Exercise prompt: A faithful copy of the data is the goal; set it down exactly, without the images.

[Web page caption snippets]
++++
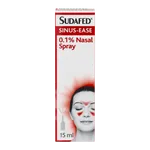 Sudafed Sinus Ease Spray 15ml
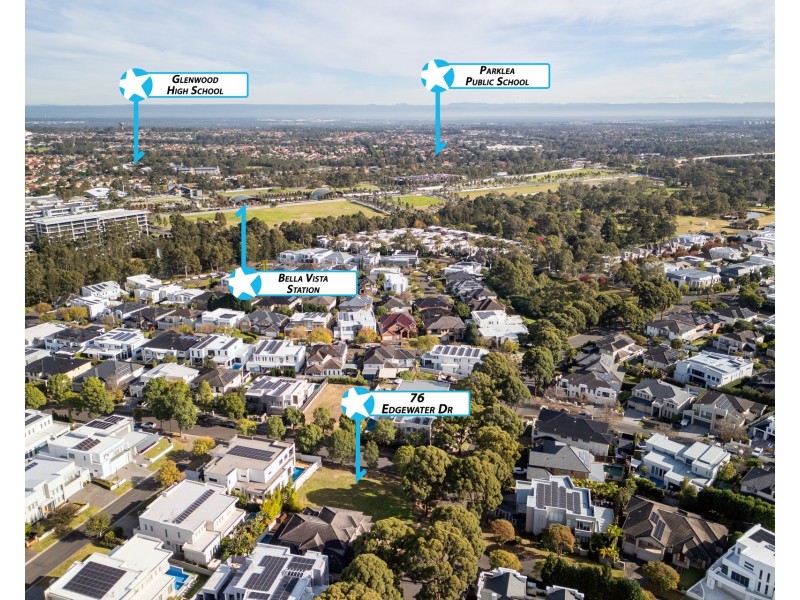 76 Edgewater Drive, Bella Vista NSW 2153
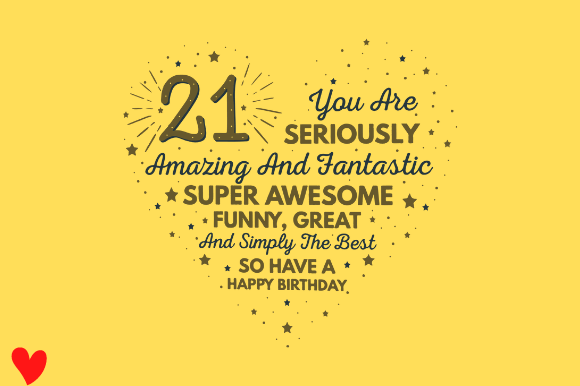 Reviewing the 21st Birthday Gift Design for Embroidery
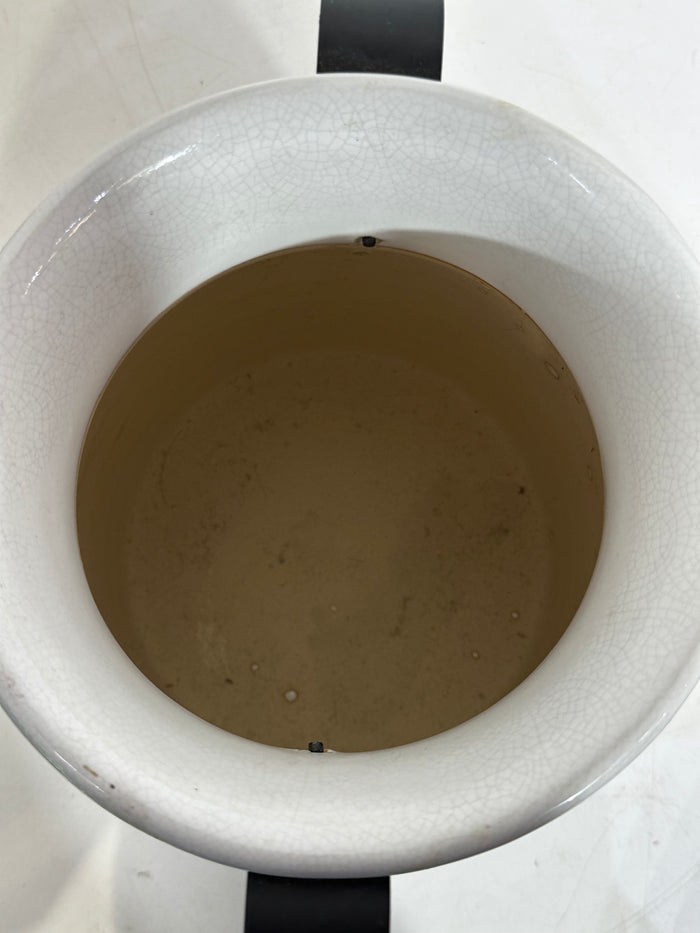 Pottery Barn Dupe Ceramic Urn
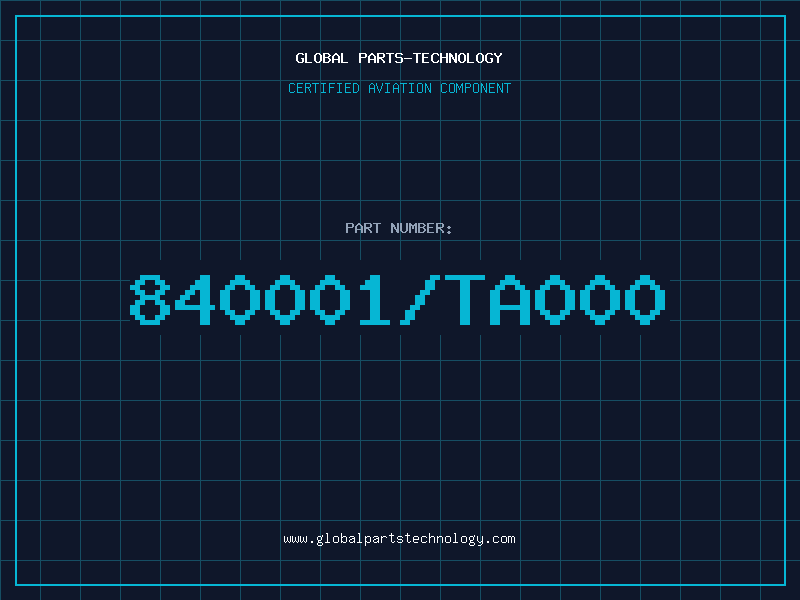 Aviation Part 840001/TA000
++++
Worked solution:
 Sudafed Sinus Ease Spray 15ml
 76 Edgewater Drive, Bella Vista NSW 2153
 Reviewing the 21st Birthday Gift Design for Embroidery
 Pottery Barn Dupe Ceramic Urn
 Aviation Part 840001/TA000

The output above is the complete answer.